It's springtime, and "for rent" signs are blooming right along with flowers across Canada. What do tenants need to know about renting and the law (and what should landlords know)? We get into the details with Blair Crew, director of Queen's Legal Aid, building on notions explored in Law 201/701, Introduction to Canadian Law. The Queen’s Law Clinics gratefully acknowledge the support of Legal Aid Ontario, the Law Foundation of Ontario, Pro Bono Students Canada, the class of Law’81, the United Way, and alumni and industry sponsors.

Lease ends.If you enjoy the podcast, take a moment to subscribe! You can find out more about property law in Canada by taking Law 201/701, Introduction to Canadian Law, at

Sign up for our mailing list on the Certificate in Law site, and subscribe to this show on any of the major podcast platforms: Apple, Stitcher, Spotify and Google Play. Search for "Fundamentals" in your app of choice!

Theme music for Fundamentals by Megan Hamilton. Art for the podcast by Valérie Desrochers.  


[Intro] Welcome to Fundamentals of Canadian Law

I'm Matt Shepherd. Spring is in the air, and "for rent" signs are blooming along with flowers across Canada. Students are signing leases -- and setting up sublets -- so we sat down with Blair Crew, the Director of Queen's Legal Aid, to get the whole picture of landlords, leases and the law. Whether you're signing a lease, subletting an apartment, or seeking new roommates, there's a lot you know know about the law.

We should mention that this is not legal advice and is being presented for informational purposes only.

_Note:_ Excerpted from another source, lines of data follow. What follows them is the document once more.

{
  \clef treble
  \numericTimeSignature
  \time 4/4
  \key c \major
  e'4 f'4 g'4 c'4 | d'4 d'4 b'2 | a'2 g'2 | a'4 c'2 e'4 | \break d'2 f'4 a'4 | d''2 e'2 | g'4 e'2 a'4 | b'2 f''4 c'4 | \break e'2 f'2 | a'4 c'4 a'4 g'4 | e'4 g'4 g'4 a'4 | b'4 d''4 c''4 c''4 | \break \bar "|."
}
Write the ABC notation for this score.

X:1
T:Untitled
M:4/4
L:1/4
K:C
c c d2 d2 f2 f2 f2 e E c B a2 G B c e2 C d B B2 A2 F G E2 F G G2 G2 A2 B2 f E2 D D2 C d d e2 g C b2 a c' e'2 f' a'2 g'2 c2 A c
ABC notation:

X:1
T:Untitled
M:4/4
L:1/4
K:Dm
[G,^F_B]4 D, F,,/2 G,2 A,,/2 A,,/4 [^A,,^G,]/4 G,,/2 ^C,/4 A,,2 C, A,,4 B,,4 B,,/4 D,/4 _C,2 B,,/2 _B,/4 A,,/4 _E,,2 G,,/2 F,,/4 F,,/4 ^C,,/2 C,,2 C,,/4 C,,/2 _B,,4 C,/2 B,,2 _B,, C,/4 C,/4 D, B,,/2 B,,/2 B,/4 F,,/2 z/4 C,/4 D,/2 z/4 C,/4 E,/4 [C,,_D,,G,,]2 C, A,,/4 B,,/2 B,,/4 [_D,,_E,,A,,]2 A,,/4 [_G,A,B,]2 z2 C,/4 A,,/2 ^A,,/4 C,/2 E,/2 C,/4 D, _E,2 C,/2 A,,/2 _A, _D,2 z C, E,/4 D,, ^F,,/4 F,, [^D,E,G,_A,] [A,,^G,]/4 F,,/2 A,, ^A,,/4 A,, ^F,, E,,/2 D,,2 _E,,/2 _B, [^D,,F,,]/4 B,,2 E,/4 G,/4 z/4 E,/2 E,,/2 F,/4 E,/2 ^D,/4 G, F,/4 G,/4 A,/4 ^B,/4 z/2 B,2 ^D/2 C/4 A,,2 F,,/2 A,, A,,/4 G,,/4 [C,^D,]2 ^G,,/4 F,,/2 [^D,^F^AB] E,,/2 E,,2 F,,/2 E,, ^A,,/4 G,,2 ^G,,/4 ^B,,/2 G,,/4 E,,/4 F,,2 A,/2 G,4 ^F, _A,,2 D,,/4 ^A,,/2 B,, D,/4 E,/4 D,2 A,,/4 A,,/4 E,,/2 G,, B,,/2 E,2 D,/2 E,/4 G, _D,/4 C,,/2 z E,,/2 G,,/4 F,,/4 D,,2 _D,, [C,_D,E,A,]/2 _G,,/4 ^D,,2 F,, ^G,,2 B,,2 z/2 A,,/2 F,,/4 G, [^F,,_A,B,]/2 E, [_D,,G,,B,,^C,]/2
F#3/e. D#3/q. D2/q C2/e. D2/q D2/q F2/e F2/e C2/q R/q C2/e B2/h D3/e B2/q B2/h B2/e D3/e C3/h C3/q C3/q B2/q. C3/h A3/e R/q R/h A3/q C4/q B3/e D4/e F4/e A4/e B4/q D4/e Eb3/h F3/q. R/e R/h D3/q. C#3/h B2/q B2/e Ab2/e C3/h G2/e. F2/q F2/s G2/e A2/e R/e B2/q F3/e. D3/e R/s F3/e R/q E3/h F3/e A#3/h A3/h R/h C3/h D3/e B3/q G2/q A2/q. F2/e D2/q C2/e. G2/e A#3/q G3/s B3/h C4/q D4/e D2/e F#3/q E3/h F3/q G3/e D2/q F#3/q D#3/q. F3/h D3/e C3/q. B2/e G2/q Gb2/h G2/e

And that this was recorded in April of 2019, and the law is subject to change.

This podcast is brought to you by the Queen's Certificate in Law, the only online Certificate in Law offered by a law faculty in Canada. You can find out more at


00:00 Matt Shepherd: I'm here with Blair Crew, who is the Director of Queen's Legal Aid which is located in downtown Kingston, and is part of Queen's Law School. This for me, it's a build out a bit of things I learned in the Property Module in Law 201, taught by Dean Bill Flanagan. And in that module, we get a bit into landlords and leasing and rentals, but we're gonna get into that, especially since we're in Spring and Summer right now, we're gonna get into that in a bit more depth.

00:24 Blair Crew: That sounds great, thank you for having me on the podcast.

00:27 MS: Leasing is something that sort of happens at a provincial level. I used to live in Quebec, and I recall that they had fairly... At one point, they had fairly stringent rules that you had to have leases that ended on July 1st, which meant there was a peak moving season. So my understanding from that moving forward, is that every province kind of sets its own rules for landlords and leasing.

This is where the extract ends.